Called La Stanza dello Scirocco, the collection of table centrepieces is made of steel in black or white.
In this podcast, recorded at the Design Museum in London during the launch of the collection, Trimarchi talks about working with Alessi, the inspiration behind this project and his obsession with shadows.
Here's some more information from Trimarchi:
"La stanza dello scirocco” is a range of items born out of the abstract and motionless atmosphere of a magic place: the room in large Sicilian country homes where one is forced to seek shelter from the sultriness while waiting for the sirocco wind to die down. It is a room without windows in which you can do nothing but ponder the wind that is undoing all sublunary things outside.

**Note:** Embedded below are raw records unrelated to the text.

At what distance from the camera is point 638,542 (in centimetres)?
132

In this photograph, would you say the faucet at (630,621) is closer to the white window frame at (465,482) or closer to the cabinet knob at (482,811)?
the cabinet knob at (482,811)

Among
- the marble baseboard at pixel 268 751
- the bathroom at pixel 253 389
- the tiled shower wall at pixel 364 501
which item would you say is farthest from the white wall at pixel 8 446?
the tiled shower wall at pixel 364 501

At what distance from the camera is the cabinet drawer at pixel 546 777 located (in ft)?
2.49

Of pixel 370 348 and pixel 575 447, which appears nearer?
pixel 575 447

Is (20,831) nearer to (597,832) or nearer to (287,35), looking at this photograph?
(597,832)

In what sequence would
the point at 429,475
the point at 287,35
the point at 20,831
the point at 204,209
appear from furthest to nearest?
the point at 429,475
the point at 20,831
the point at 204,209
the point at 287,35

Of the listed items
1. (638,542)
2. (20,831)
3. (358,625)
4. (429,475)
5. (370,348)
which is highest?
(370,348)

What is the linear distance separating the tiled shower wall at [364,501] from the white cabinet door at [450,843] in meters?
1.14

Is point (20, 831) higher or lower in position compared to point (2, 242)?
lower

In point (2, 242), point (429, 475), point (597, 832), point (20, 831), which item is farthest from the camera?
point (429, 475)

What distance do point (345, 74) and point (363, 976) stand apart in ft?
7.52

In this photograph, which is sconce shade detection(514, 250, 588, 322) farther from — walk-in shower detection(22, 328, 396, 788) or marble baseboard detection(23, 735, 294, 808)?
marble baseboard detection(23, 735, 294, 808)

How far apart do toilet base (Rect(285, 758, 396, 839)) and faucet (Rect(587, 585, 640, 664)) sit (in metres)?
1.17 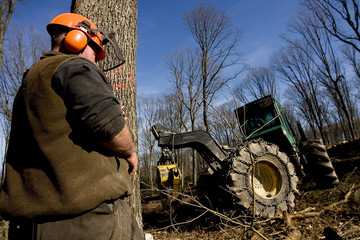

The upshot is a collection of geometrically irregular items made up of small splinters of various sizes, interlaced in an unstable balance.
Their peculiarity lies in the fact that they have been designed with their shadows as starting points by halting unforeseen moments of fragments agitated by the wind, shadows that multiply and are as restless as unfocused photographs, that are determined to reach the edges of the table and, in disproportionate sizes, to go beyond to the walls and to the ceiling.
For me, the magic lies in the fact that the project was hatched from things that come to pass outside the object itself, as if each basket and fruit dish were defined for the most part by that which it generates, i.e. its shadows, rather than by its function.
At the outset, I designed a great deal for the sirocco room, endeavouring to stop paper photograms in flight and shadows in light movement.
And so I came up with the idea that “La stanza dello scirocco” could be recounted through the story of drawings done by hand and through images of shadows, and that we could then ask everyone to exert themselves ever so slightly and make a small input with their own imaginations.